• **Prompt**: Make an exact copy of the listing below. Pictures stay out of it.
***** Exercise data *****
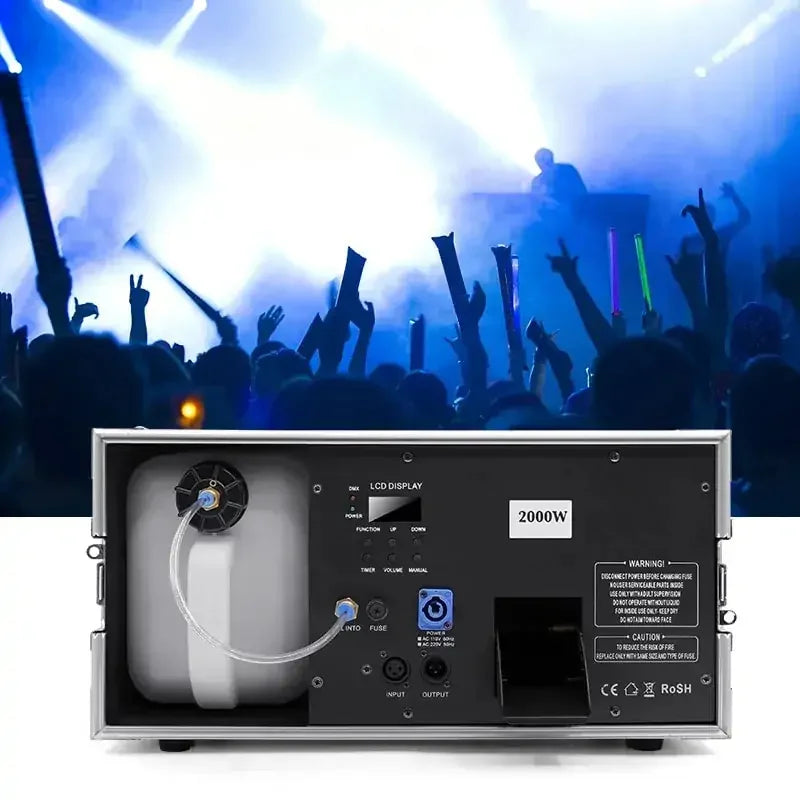 2000W Mist Fog Machine For Stage Effects | JC LIGHT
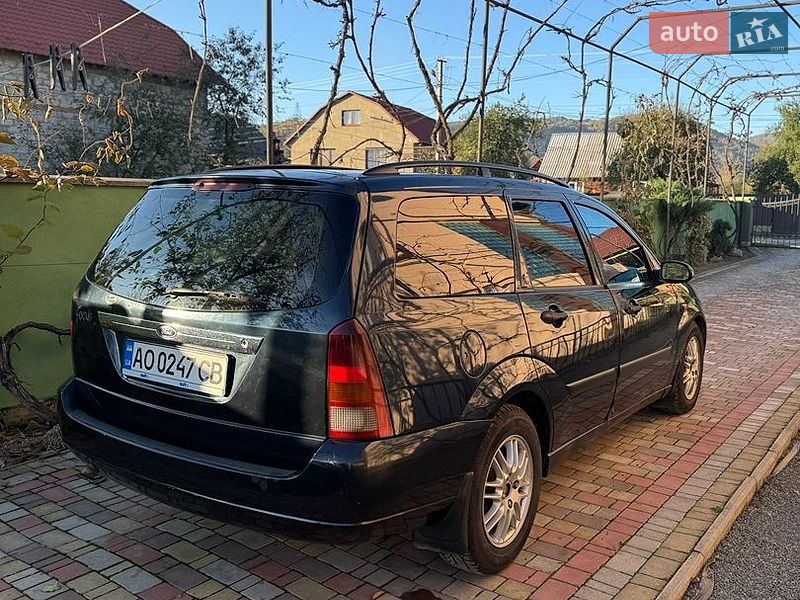 Универсал Ford Focus 2000 в Тересве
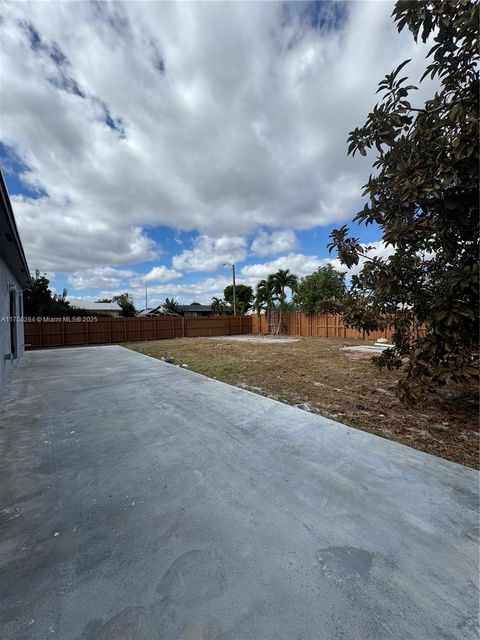 A home in Miami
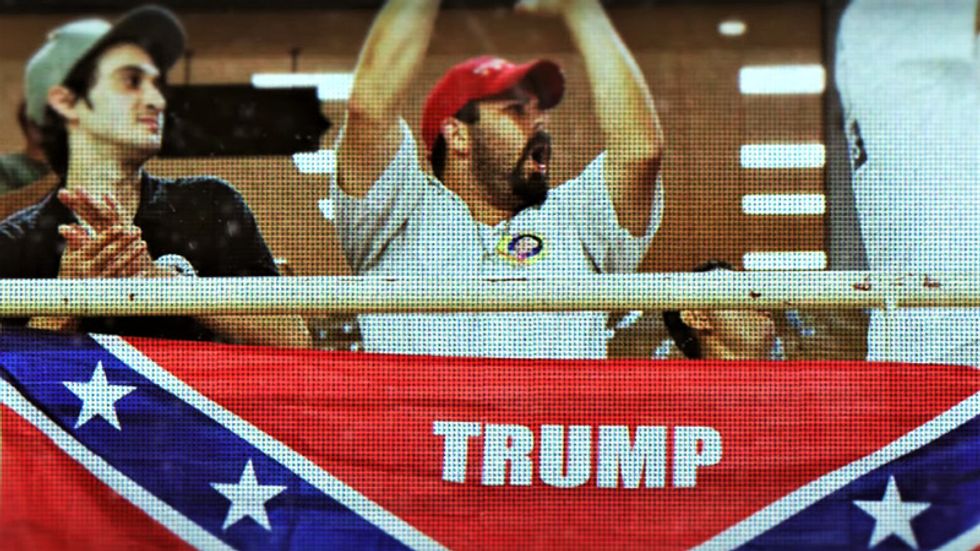 Lincoln Project slams NC TV station's 'overt cowardice' for refusing to run ad criticizing Trump supporters' 'Flag of Treason'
*****
• **The completed task**:
 2000W Mist Fog Machine For Stage Effects | JC LIGHT
 Универсал Ford Focus 2000 в Тересве
 A home in Miami
 Lincoln Project slams NC TV station's 'overt cowardice' for refusing to run ad criticizing Trump supporters' 'Flag of Treason'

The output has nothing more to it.